1919 short story by Willa Cather

"Scandal" is a short story by Willa Cather. It was first published in Century in August 1919.

==Plot summary==
Kitty Ayrshire, an opera singer, has a cold, thus preventing her from singing. Bored, she asks her friend Pierce Tevis to visit her. Together they talk about the gossip that has been circulating about her. Tevis explains that Siegmund Stein, a wealthy manufacturer, has been going out about town with a woman who resembles Kitty; everyone thinks it is her. Kitty then interrupts him and recounts how while at a party at the Steins's, she had to use her lover Peppo to excuse her from her persistent hosts. A few weeks later however, her picture with both Siegmund Stein and his new wife was in the papers.

==Characters==
- Kitty Ayrshire, an opera singer.
- Miles Creedon, a doctor.
- Pierce Tevis, a friend of Ayrshire's.
- Lucien Simon, a painter.
- Marcel Durand, a physicist.
- Siegmund Stein, a department-store millionaire.

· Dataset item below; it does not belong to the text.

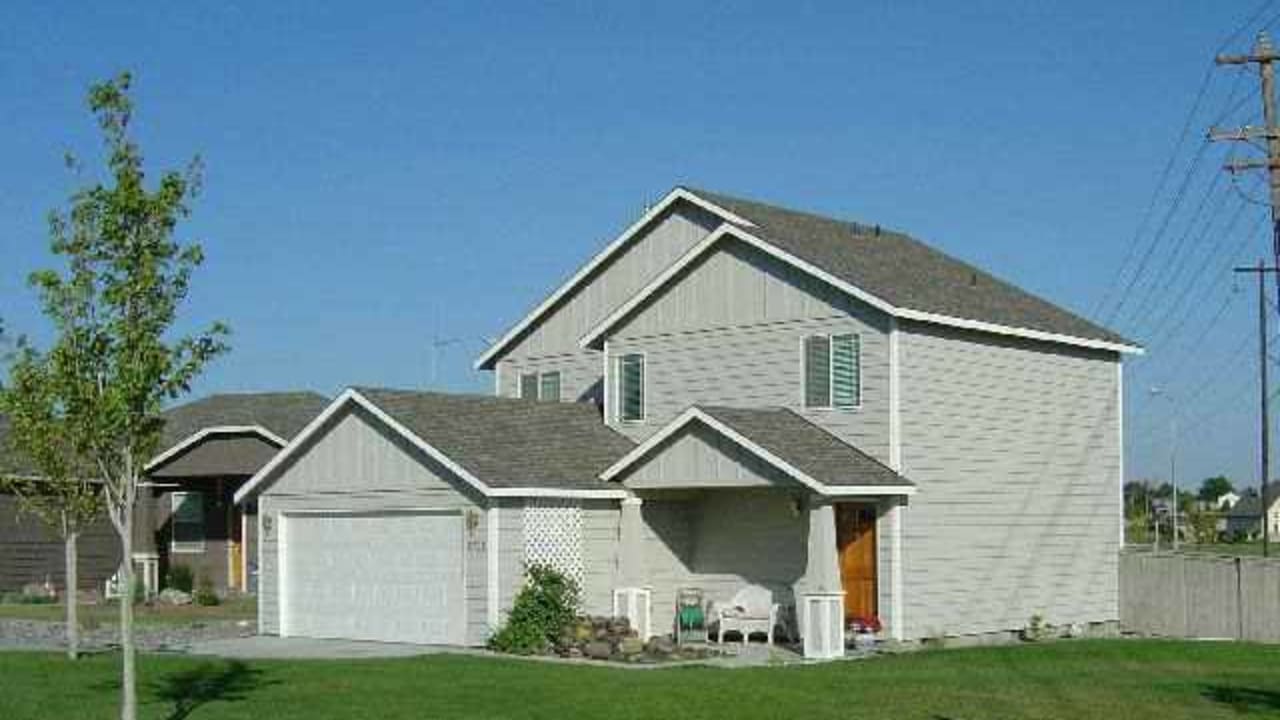 5705 W 11th. Place, Kennewick WA 99338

A Jewish-Austrian immigrant, he worked his way up.
- Dan Leland
- Ruby Mohr, an Italian factory worker who looks like Kitty Ayrshire.
- Miss Mandelbaum, Stein's wife.
- Peppo Amoretti, Kitty's Italian lover.

==Allusions to other works==
Kitty Ayrshire also appears in A Gold Slipper.

==Literary criticism and significance==
Although Scandal was written in 1916 while she was in Denver, it was only published in 1919. It has been argued that this is due to its antisemitism.

The story was a favorite of F. Scott Fitzgerald.